Die zunehmende Verlagerung der Gesetzgebungskompetenz wurde partiell dadurch kompensiert, dass regelmäßig die Zustimmung des Bundesrates verlangt und damit die Gesamtheit der Länderregierungen verstärkt beteiligt wurde. Gestärkt wurde die Rolle des Bundesrates auch dadurch, dass der Anteil der zustimmungspflichtigen Gesetze und Gesetzesnovellierungen aufgrund der in ihnen häufig enthaltenen Regelungen des Verwaltungsverfahrens auf über die Hälfte anwuchs.

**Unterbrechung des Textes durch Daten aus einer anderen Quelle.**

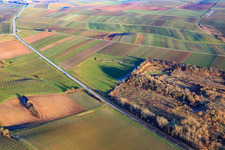 Vue oblique de Décharge à Niederhorbach dans le département Rhénanie-Palatinat, Allemagne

Das von den Verfassungseltern intendierte Ziel, den Verwaltungssachverstand der Länder bei der Gesetzgebung des Bundes zur Geltung zu bringen, wurde durchaus erreicht, führte allerdings zu einer deutlichen Asymmetrie ("Verwaltungsföderalismus"). Die Länderparlamente wurden weitestgehend ausgeschaltet und waren selbst bei den ihnen vorgelegten Staatsverträgen de facto in einer schwachen Position, da sie über das von den Regierungen ausgehandelte Ergebnis nur insgesamt entscheiden konnten.

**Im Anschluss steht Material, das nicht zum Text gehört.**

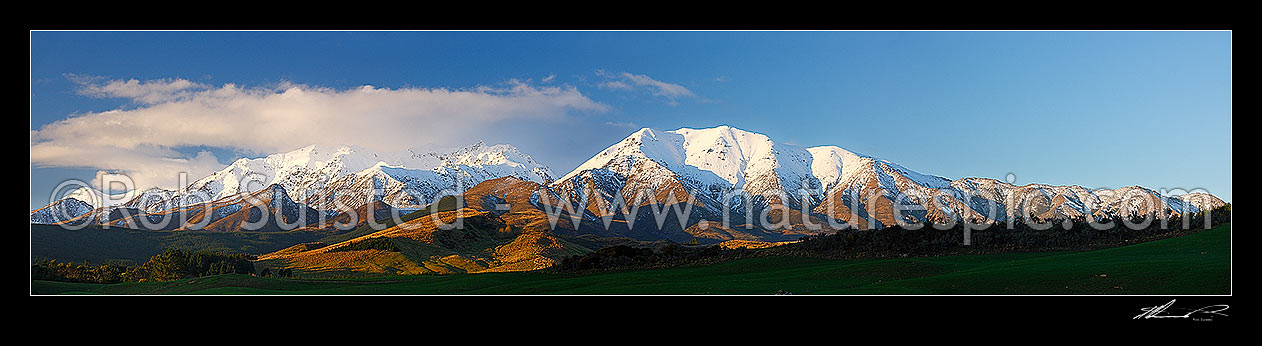 Image of Takitimu Mountains - winter snow covered ranges at dusk between Tuatapere and Manapouri, Blackmount, Southland District, Southland Region, New Zealand (NZ) stock photo image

Der vorherrschende Trend einer engen Verzahnung von Bund und Ländern zeigte sich auch in der Finanzverfassung. So wurde das Trennsystem bei den Steuererträgen zugunsten eines Verbundsystems aufgegeben, indem in einem ersten Schritt die Einkommen- und Körperschaftsteuererträge zwischen Bund und Ländern aufgeteilt und 1969 auch die Umsatzsteuer zur "Gemeinschaftssteuer" gemacht wurde ("großer Steuerverbund"). Am Aufkommen der Einkommen- und Körperschaftsteuer sind Bund und Länder seitdem je zur Hälfte beteiligt (wobei die Gemeinden einen gesetzlich festzulegenden Anteil erhalten), der Anteil von Bund und Ländern an der Mehrwertsteuer ist dagegen entsprechend der Entwicklung ihrer Einnahmen und Ausgaben zu bestimmen und damit zentraler Konfliktgegenstand. Die Komplexität der Finanzverfassung wird schließlich durch sowohl einen horizontalen Finanzausgleich zwischen den Ländern als auch einen ergänzenden vertikalen Finanzausgleich zwischen dem Bund und "armen" Ländern gesteigert. Dabei wird auch der horizontale Finanzausgleich durch Bundesgesetz mit Zustimmung des Bundesrates geregelt, was häufig zu einer Koalition zwischen Bund und finanzschwachen Ländern geführt hat.

Der erforderliche Finanzausgleich, die damit verbundene relative Schwäche einiger Bundesländer und Einflussmöglichkeit des Bundes haben wiederkehrend zu Neugliederungsüberlegungen geführt. Nach Initiativen von Teilregionen, die Landeszugehörigkeit zu verändern, hat die sozial-liberale Bundesregierung 1970 eine Kommission eingesetzt, um dem Verfassungsauftrag der Neugliederung zu entsprechen. Die Vorschläge der "Ernst-Kommission" von 1973 – Reduzierung der Länderzahl auf fünf oder sechs mit Neuordnung v. a. im Norden (Zusammenschluss von SH und HH sowie HB und NI bzw. alternativ ein großer Nordstaat) sowie Mittelwesten (Vereinigung von SL, RP und HE als eine Variante) – sind aber am Beharrungsvermögen der bestehenden Länder, gestützt auf das institutionelle Eigeninteresse von Landespolitikern und -verwaltung sowie das auch in den "Kunstländern" inzwischen gewachsene, wenn auch wohl weiterhin bescheidene Landesbewusstsein der Bevölkerung, gescheitert. 1976 ist der Neugliederungsauftrag des GG in eine Kann-Bestimmung abgeschwächt worden, wobei es sich weiterhin um ein zustimmungsbedürftiges Bundesgesetz ohne Vetorecht der betroffenen Länder handeln würde, das allerdings der Bestätigung durch Volksentscheid bedürfte.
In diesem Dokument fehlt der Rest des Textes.